Federated Learning: FedAvg (1/4)
Introduction
In recent years, there has been political and consumer backlash against the constant surveillance of tech companies. In response, companies have turned to federated learning, a technique which enables the training of a single model from decentralized data. Imagine we have $K$ numbered clients. Clients perform the bulk of the computation. Each client $1 \leq k \leq K$ has its own dataset $D_k$, a local model $f_k$, and a loss function $L_k$.
Generally, the local loss functions are sums over the client’s dataset.

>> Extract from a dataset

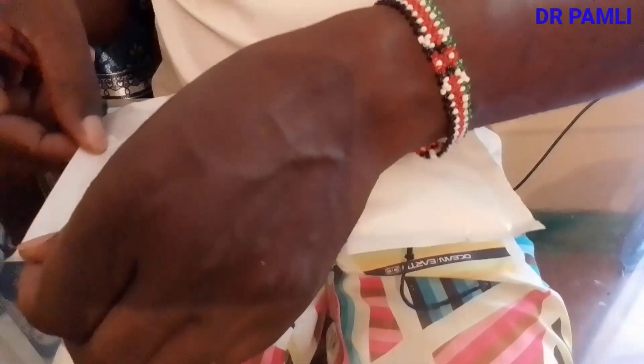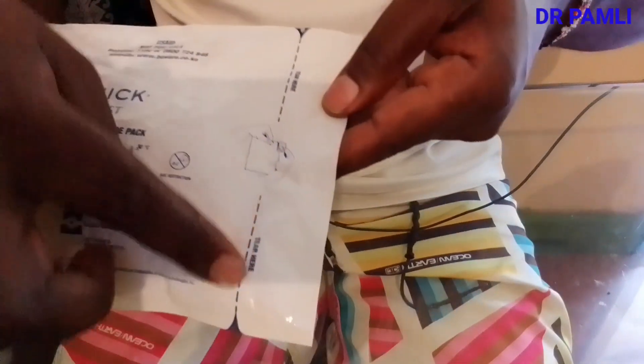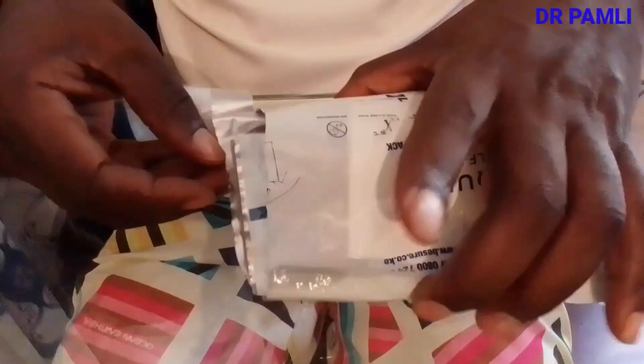Kindly make sure that all the edges of the kit are sealed and there is no leak, because if there's a leak it may interfere with the test result. This is the edge where you look, and this is where you tear the seal along that particular line — do it slowly so that you don't interfere with the materials inside.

\[L_k(\theta) = \sum_{i \in D_k} \ell(f_\theta(x_i), y_i)\]Here $\ell(\hat{y}, y)$ is the per-example loss; it measures the difference between the label $y$ and the prediction $\hat{y}$. A server coordinates the learning process; it usually has no data of its own. The goal is to train a global model $f$ which minimizes the total loss $L = \sum_{k=1}^{K} L_k$. For now, we assume all models have the same architecture but different parameters.
Let’s look at some possible applications of federated learning.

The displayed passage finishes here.